On the whole, a productive first 11 months in office. He’s implementing the agenda that I voted for. He’s had the guts to use his first-year mandate to effect some long-overdue unfinished business (most notably, reforming this country’s wretched healthcare insurance laws), reverse some of the most damaging policies of the previous administration (most notably, the anti-civil-libertarian climate that followed 9/11), and set a course for the coming decade’s key priorities (most notably, engagement with the rest of the world on systemically dealing with global climate change).
The calendar year ends with the insane new-messiah hype largely behind us, and with our president’s popular-approval ratings roughly where they should be. As the first anniversary of Barack Obama’s inauguration nears, it’s clear that he’s fundamentally a pragmatic centrist, much in the same vein as Bill Clinton. Consequently, he’ll continue to anger both the left and (especially) the right with his back-and-forthing on issues, in order to build the coalitions necessary for governance of this highly polarized nation. To the extent the Republicans continue to refuse to meet him halfway, the Democrats will have to tighten their voting bloc, lest they fall victim to the same ideological obstructionism that beset Clinton in the 90s.

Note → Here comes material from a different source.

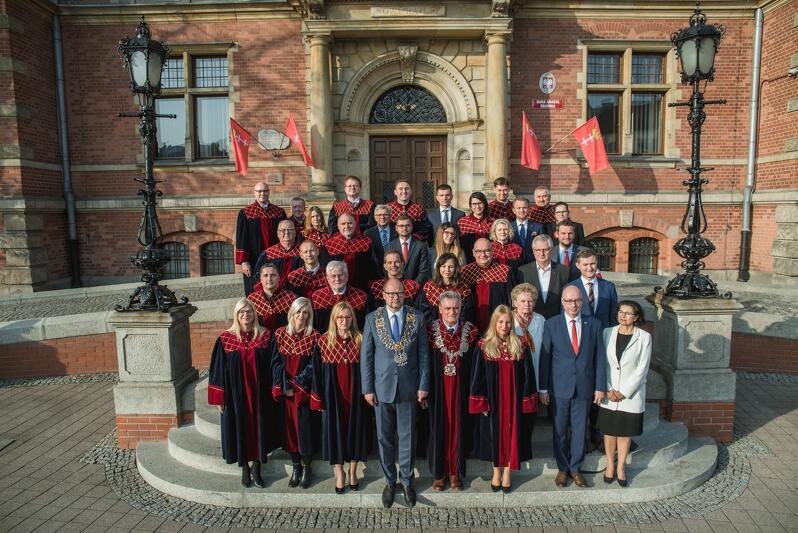8 listopada odbyła się ostatnia sesja Rady Miasta Gdańska w kadencji 2014-2018. Zdjęcie grupowe na przedprożu Nowego Ratusza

Here’s hoping the New Year delivers the health-insurance reform that this country has needed for ages. Here’s also hoping that President Obama remains the cool, rational, remorseless policymaker t hat we voted into office last year. With the massive federal deficit that Bush dropped in his lap, he will need to make some serious cuts in federal spending—or hope for a stunning economic boom—in order to avoid driving the country into bankruptcy.